Pictures with short captions
*****

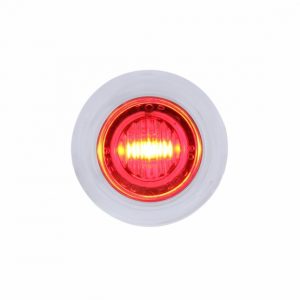 3 LED Dual Function 3/4" Mini Light With Bezel (Clearance/Marker) - Red LED/Clear Lens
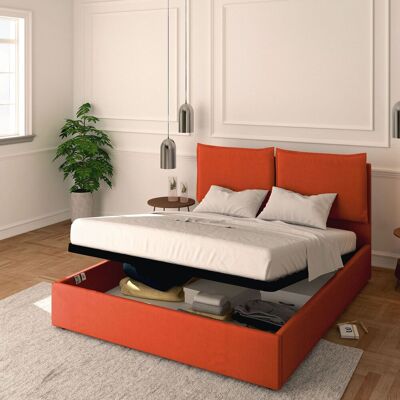 BALDIFLEX - Letto Contenitore Matrimoniale 160x190 Licia In Tessuto Con Rete A Doghe Colore Arancione Orange BALDIFLEX - Letto Contenitore Matrimoniale 160x190 Licia In Tessuto Con Rete A Doghe Colore Arancione Orange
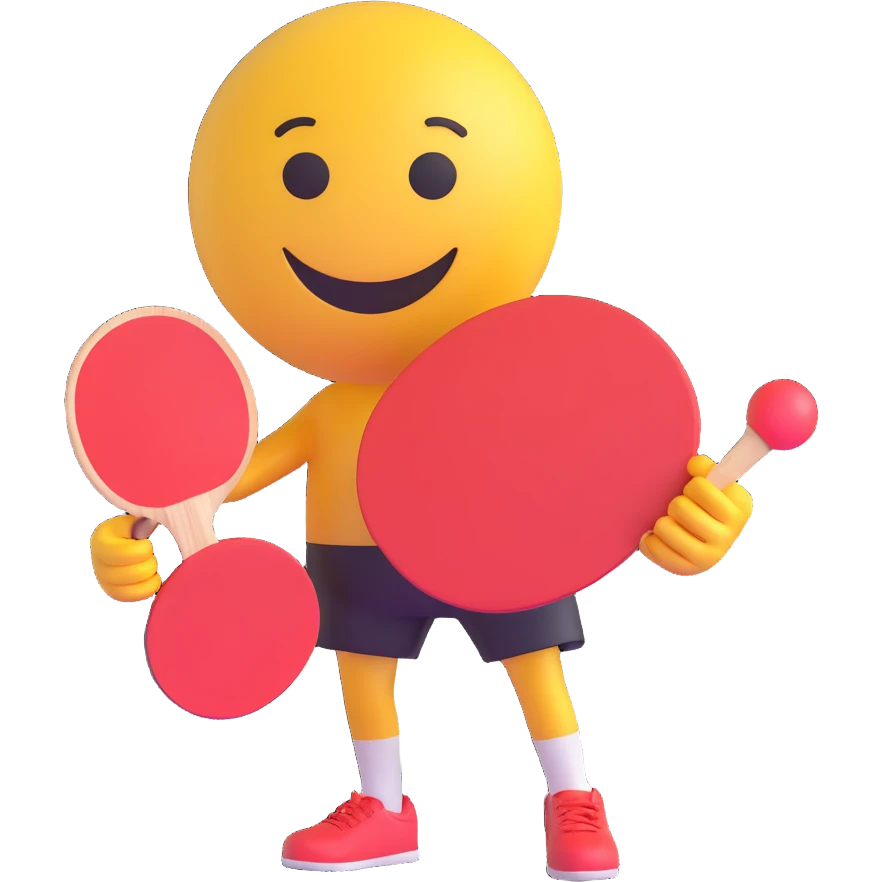 3D smiley emoji, round shape, with table tennis paddle and ball, sporty face emoji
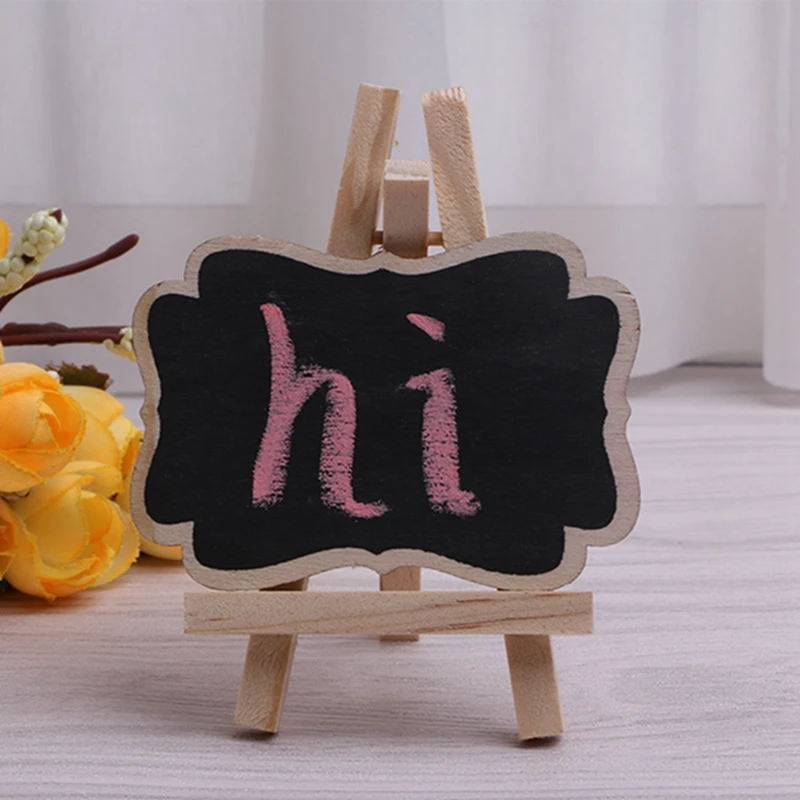 

3Pcs Mini Wooden Blackboard Chalkboard Stand for Wedding Party Table Decor Tags
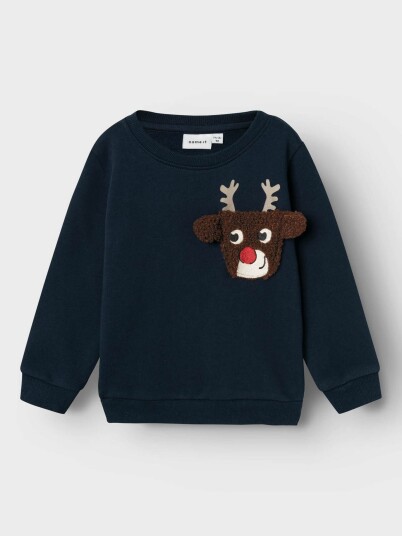 Name It Santa Nreg Sweat Brushed Box Blå 98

*****

## EXERCISE:
A word-for-word copy of the entries is needed, with no pictures in it.

## SOLUTION TO THE PROBLEM:
 3 LED Dual Function 3/4" Mini Light With Bezel (Clearance/Marker) - Red LED/Clear Lens
 BALDIFLEX - Letto Contenitore Matrimoniale 160x190 Licia In Tessuto Con Rete A Doghe Colore Arancione Orange BALDIFLEX - Letto Contenitore Matrimoniale 160x190 Licia In Tessuto Con Rete A Doghe Colore Arancione Orange
 3D smiley emoji, round shape, with table tennis paddle and ball, sporty face emoji

3Pcs Mini Wooden Blackboard Chalkboard Stand for Wedding Party Table Decor Tags
 Name It Santa Nreg Sweat Brushed Box Blå 98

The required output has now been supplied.